After ten years and tours from Toronto to Toledo, “Wicked” still packs houses. The beloved show comes to Charlotte Wednesday for the second time in three years. Last time, Christine Dwyer understudied Elphaba. This time, Dwyer is Elphaba.

“Wicked” provides an imaginary back story to L. Frank Baum’s Oz books. At the center are Elphaba, born with green skin, and Galinda, a picture-perfect blonde who becomes Glinda. They forge a friendship threatened by misunderstandings, unintended consequences and confused alliances.

Christine Dwyer graduated from Hart School of Music at the University of Hartford with a musical theater degree. Her first big role was as Maureen Johnson in “Rent.” That led to an audition for the Wicked Witch of the West, named Elphaba in Gregory Maguire’s book “Wicked.” She’s not surprised at the play’s popularity.

“It’s the story. It’s the friendship between the two girls. And everyone can relate to being an outcast,” Dwyer says. People also relate to how misunderstood these girls are. “Sometimes they do things that backfire, but I don’t believe that either one of the characters believes she is either wicked or good. (They’re) two girls struggling through their adulthood.”

One of the show’s themes is bullying, which has sparked an alliance between “Wicked” and The National School Climate Center. Its campaign “BullyBust: Promoting a Community of Upstanders,” has provided tool kits to more than 2,000 schools to help create harassment-free learning environments.

“We saw a lot of synergy between the show and what we are trying to accomplish,” said Darlene Faster, Chief Operating Officer of the National School Climate Center. “It looks at what true friendship is and what it means to stand up for what’s right, even when it is very difficult. How do you be different and celebrate that difference?”

The organization has offered contests aligned with songs from the show. The “Defying Gravity” essay contest features an incident in which someone displayed “Upstander” behavior, that is, stood up against bullying. The “For Good” video contest also celebrates Upstander stories and is an example of how kids can use technology for good, as opposed to cyber-bullying.

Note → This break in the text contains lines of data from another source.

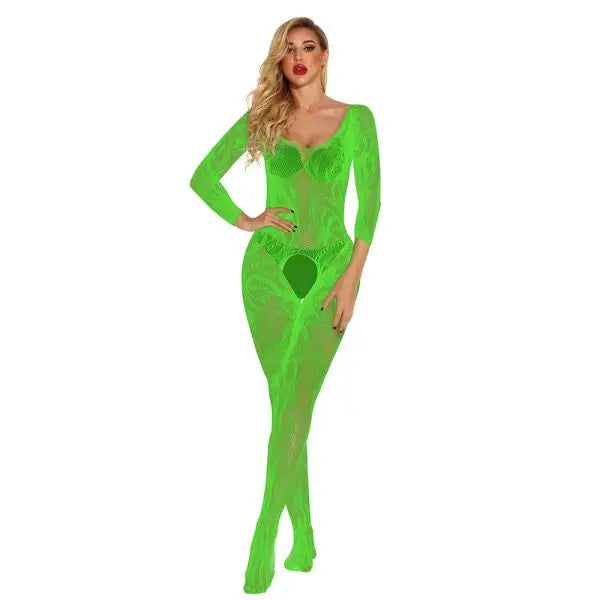 2022 Hot Sale Sexy Erotic Bodysuit See-through Open Breast and Crotch Body Stocking Sexy Bodystocking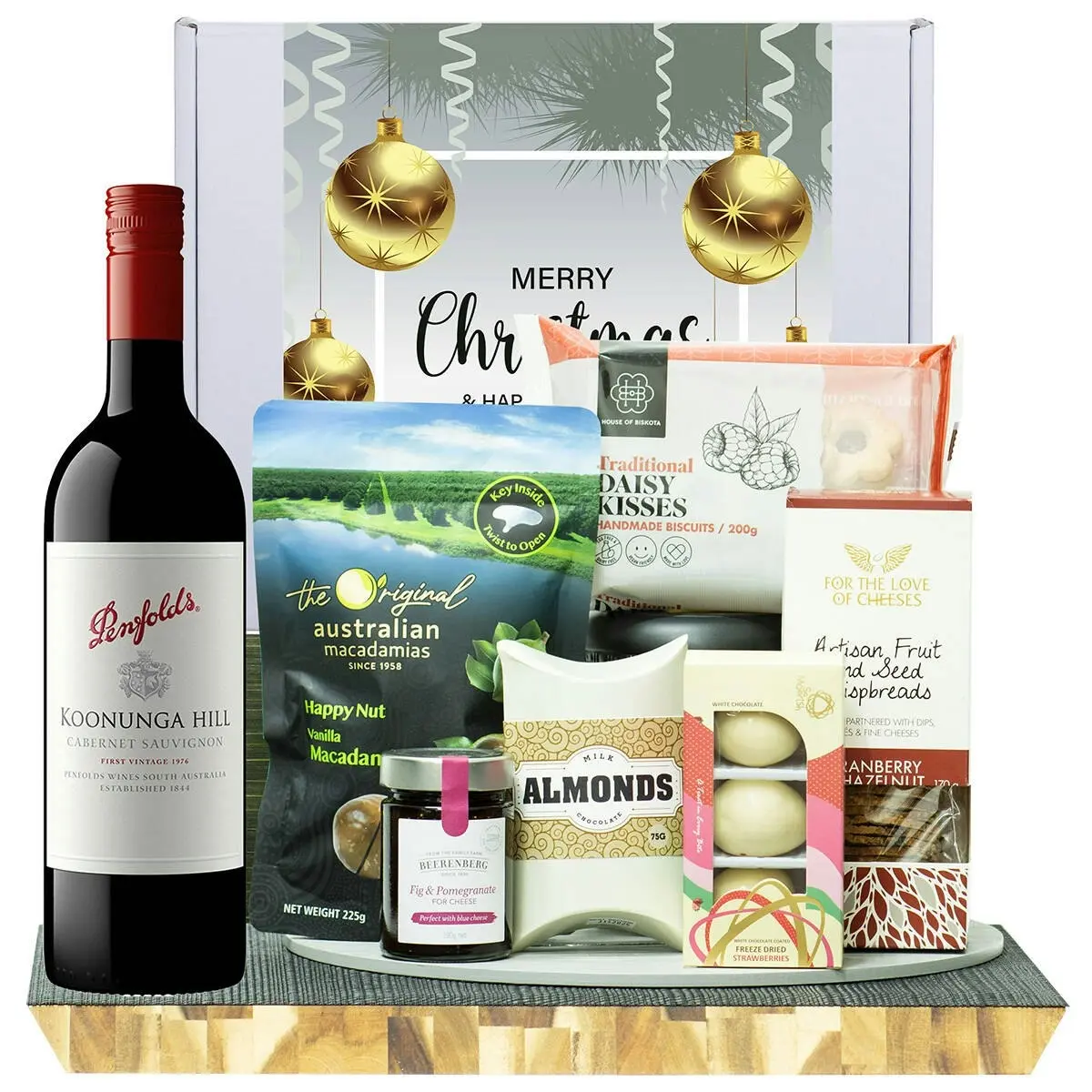 22702U Christmas Gourmet Hamper with Penfolds Koonunga Hill Cabernet Sauvignon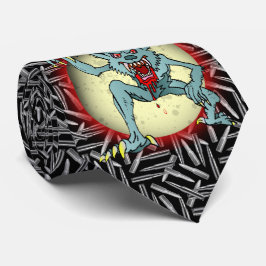 Silver-kulor, Grått Werevarv Full Moon Halloween Slips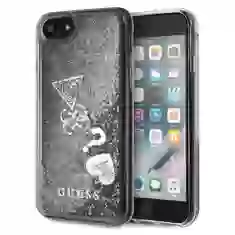 Чехол Guess Glitter Hearts для iPhone SE 2022| 2020 | 8 | 7 Silver (GUHCI8GLHFLSI)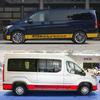 Van Door Side Stickers For Hyundai Grand Starex H1 Royale H200 H300 A1 2007-2022 Camper Car Stripes Decor Decal Auto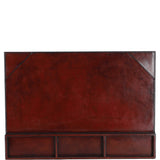 Ashwood Leather Desk Mat with Integrated Paper Holder & Triple Organizational Compartments Chestnut: LF-108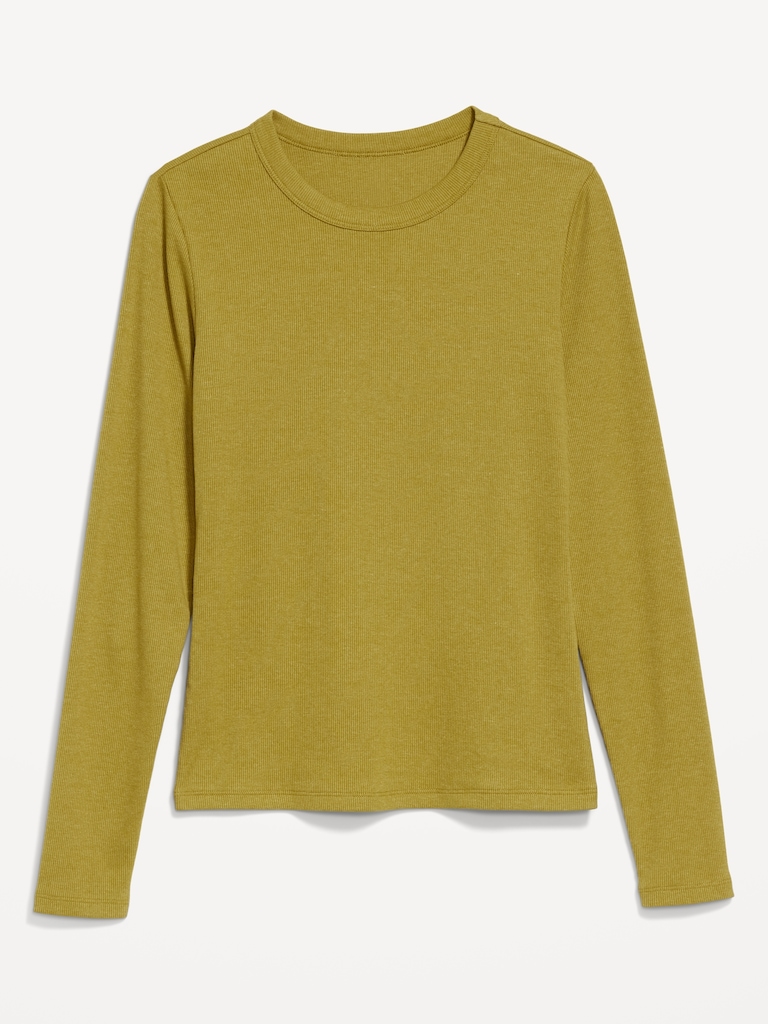 Snug Long-Sleeve Crew-Neck T-Shirt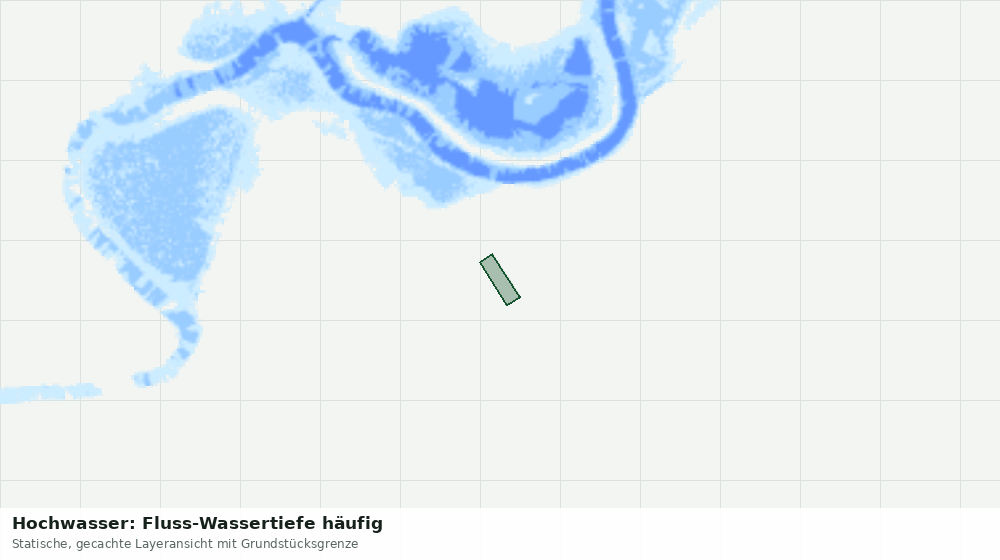 Statische Kartenansicht: Hochwasser: Fluss-Wassertiefe häufig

To date, The National School Climate Center has partnerships with 51 schools in North Carolina. “Wicked” cast members have helped to create personal videos about being bullied, and some have visited participating schools.

Dwyer knows what it’s like to be bullied: “I was the drama geek in school. Now it is the cool thing to do, which is awesome, but it was definitely not the cool thing to do when I was in school.” She surrounded herself with other kids who felt judged by the larger society, “so we didn’t judge each other. (And) my parents supported me to be as different as I wanted to be.”

Now her oddity is green skin, which is applied in 20 minutes. Dwyer has been performing in the show for three years and as Elphaba for 10 months. “A bunch of us are having our last performances in Charlotte,” she says. She’ll spend her 28th birthday in the Queen City, before returning to New York to audition all over again.